Metrics System

Slack Docker Pulls

Metrics provide insight into what is going on in the cluster. They are an invaluable resource for monitoring and debugging. Alluxio has a configurable metrics system based on the Coda Hale Metrics Library. In the metrics system, sources generate metrics, and sinks consume these metrics. The metrics system polls sources periodically and passes metric records to sinks.

Alluxio’s metrics are partitioned into different instances corresponding to Alluxio components. Within each instance, users can configure a set of sinks to which metrics are reported.
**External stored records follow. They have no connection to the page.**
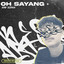 Arif Sopan - Oh Sayang
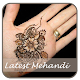 Download Mehandi Designs For PC Windows and Mac 1.0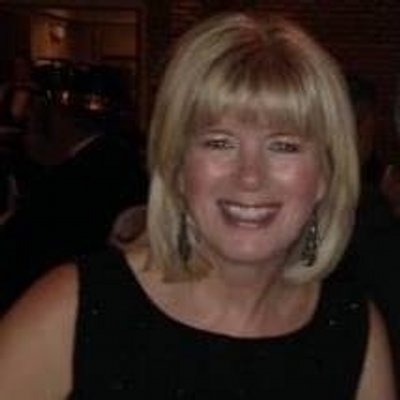 Profile Picture of Joyce Armstrong (@joymarm12) on Twitter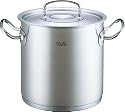 Fissler NEWプロコレクション ストックポット 20cm 83-113-20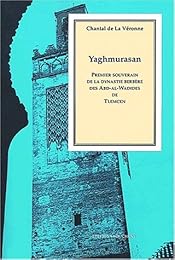 Yaghmurasan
The following instances are currently supported:

  • Master: The Alluxio master process.
  • Worker: The Alluxio worker process.
  • Client: Any process with the Alluxio client library.
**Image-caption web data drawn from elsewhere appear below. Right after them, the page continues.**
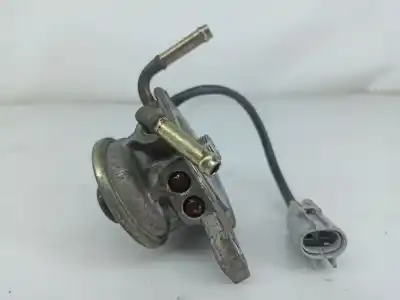 Peça sobressalente para automóvel em segunda mão suporte de filtro gasóleo por toyota rav4 (a2) 2.0 d-4d 4wd referências oem iam   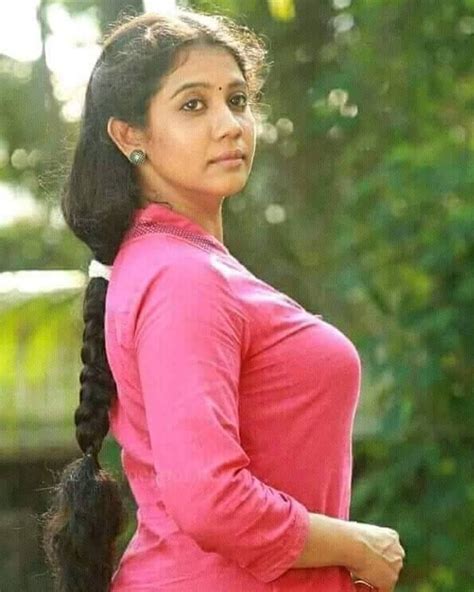 408 Likes 4 Comments Malayalam Hot Actress ® Mallluhotactress On Instagram “malluhot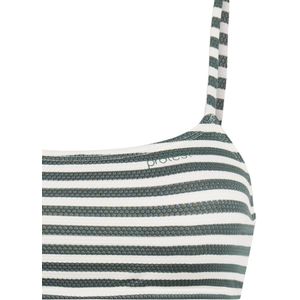 Protest MIXELISA Dames Bandeau-Bikinitop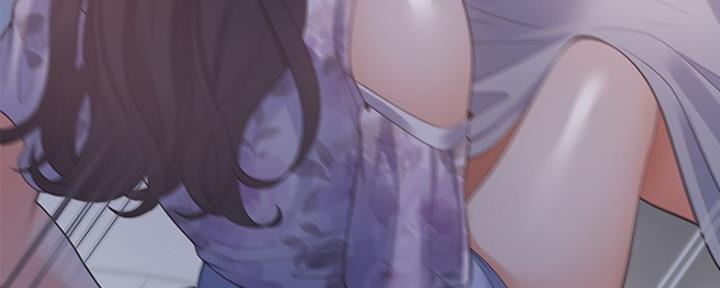 《渴望爱火难耐》第33话 第49页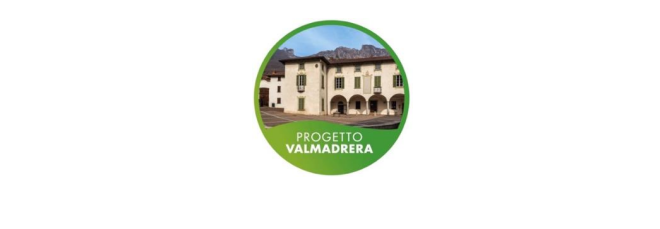 UN WEEKEND EUROPEO A VALMADRERA: TRA MOSTRE, TALK SHOW E CTTA’ GEMELLATE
Metrics Sink Configuration

A sink specifies where metrics are delivered to. Each instance can report to zero or more sinks.
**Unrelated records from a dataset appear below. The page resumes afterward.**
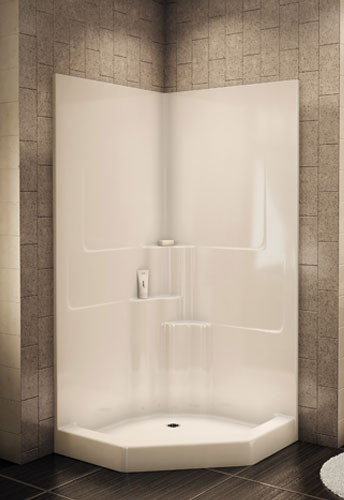 Bathroom Shower Images
 Showers
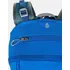 turistický batoh Kilpi Cargo-U 25 l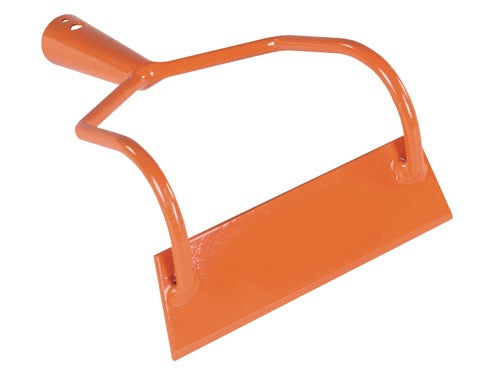 Sarchiatori Brixo 2BRACCI LAMA16-208161A – Default Title
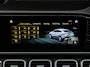 Mercedes-Benz GLE Coupé AMG 53 4MATIC+ Ultimate | Panoramadak | Luchtvering | Distronic | Trekhaak | Burmester | AMG Drive Unit | Memory | HUD | 360 Camera | Multibeam LED | 22" | Dealeronderhouden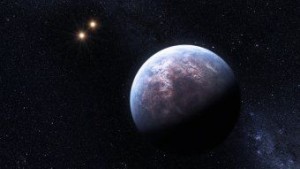 Read more about the article NASA releases some data on possible planets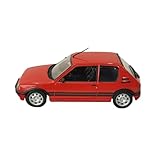 Nous avons une large gamme de modèles réduits de véhicules jouets tels que des voitures de rallye, des voitures de collection statiques, des voitures de sport, des camions, des chars, des véhicules militaires et plus encore.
  • ConsoleSink: Outputs metrics values to the console.
  • CsvSink: Exports metrics data to CSV files at regular intervals.
  • JmxSink: Registers metrics for viewing in a JMX console.
  • GraphiteSink: Sends metrics to a Graphite server.
  • MetricsServlet: Adds a servlet in Web UI to serve metrics data as JSON data.
  • PrometheusMetricsServlet: Adds a servlet in Web UI to serve metrics data in prometheus format

The metrics system is configured via a configuration file that Alluxio expects to be present at $ALLUXIO_HOME/conf/metrics.properties. A custom file location can be specified via the alluxio.metrics.conf.file configuration property. Alluxio provides a metrics.properties.template under the conf directory which includes all configurable properties and guidance of how to specify each property.

Default HTTP JSON Sink

By default, MetricsServlet is enabled in Alluxio leading master and workers.

You can send an HTTP request to /metrics/json/ of the Alluxio leading master to get a snapshot of all metrics in JSON format. Metrics on the Alluxio leading master contains its own instance metrics and a summary of the cluster-wide aggregated metrics.

# Get the metrics in JSON format from Alluxio leading master
$ curl <LEADING_MASTER_HOSTNAME>:<MASTER_WEB_PORT>/metrics/json

# For example, get the metrics from master process running locally with default web port
$ curl 127.0.0.1:19999/metrics/json/

Send an HTTP request to /metrics/json/ of the active Alluxio workers to get per-worker metrics.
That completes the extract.